That makes it a commercial first. But some critics say it has been oversold in the press: "Almost every popular article written on this has grotesquely over-hyped it," says Scott Aaronson, a computer scientist specializing in quantum computing at Waterloo University in Ontario, Canada. He says the machine in its current form is "completely useless from an industrial perspective".

The system is still about a hundred times slower than conventional computers, concedes Geordie Rose, chief technology officer and co-founder of D-wave. "We have a very early prototype," he says. But a computer with more qubits can be built with existing technology, and Rose believes it will be possible to scale-up the current machine into a more competitive device. Already, he says, industrial partners are eyeing the project: "We've had interest from several different parties; more than I had expected."

All at once

A conventional computer processes information in 'bits' with values of 0 and 1, but a quantum computer uses 'qubits' whose values can be 0 and 1 simultaneously. The simultaneous values in effect allow quantum machines to perform parallel computations — one of several factors that make them better than conventional set-ups.

Getting a couple of qubits to interact and perform a simple logic operation was achieved in the lab some time ago. And IBM has made a 7-qubit computer1, which existed within a single molecule and was used to factor the number 15. Making a more powerful device with interacting qubits has proved to be a huge challenge.

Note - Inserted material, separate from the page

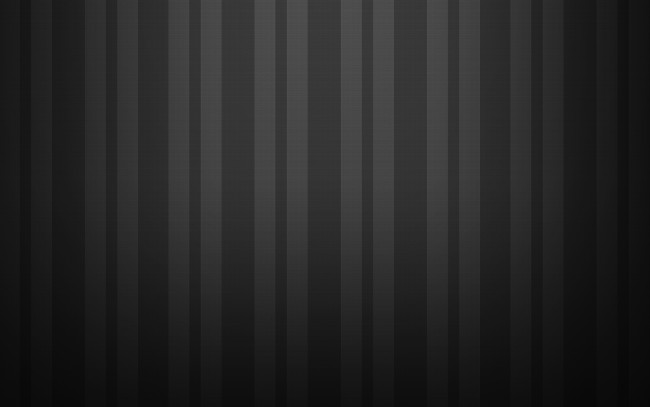 Обои картинки фото 3д, графика, textures, текстуры, полосы, линии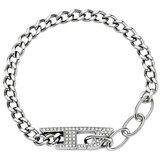 Diesel narukvice | ePonuda.com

D-Wave's computer, which features 16 qubits, takes a different approach. Its qubits consist of tiny doughnuts of current on a superconductor. The currents circulate either clockwise or anticlockwise and, left to their own devices, they will circulate both ways simultaneously — in effect giving two simultaneous 'values'.

The computer is programmed by setting the initial values of the donuts and their interactions with other donuts. The machine is then left to run, and answers are read out from the state of the final system. Unlike other systems, the qubits aren't individually controlled during the computation.

Slow progress

It should be simple to scale up this device in size because it is built using techniques similar to those found in the semiconductor industry.

But to make a larger machine reliable, the company will need to control the interactions between many of qubits more precisely, says Andrew Steane, a quantum-computing expert at the University of Oxford, UK. That may prove difficult because of difficulties with control systems and general 'noise' throughout the machine. "The issue isn't how many qubits, it's how many well-controlled qubits," Steane says.

Aaronson worries that the early roll-out of D-Wave's prototype might ultimately damage the burgeoning field of quantum computing. "If it fizzles out," he says, "people might say that quantum computing as a whole is just bunk."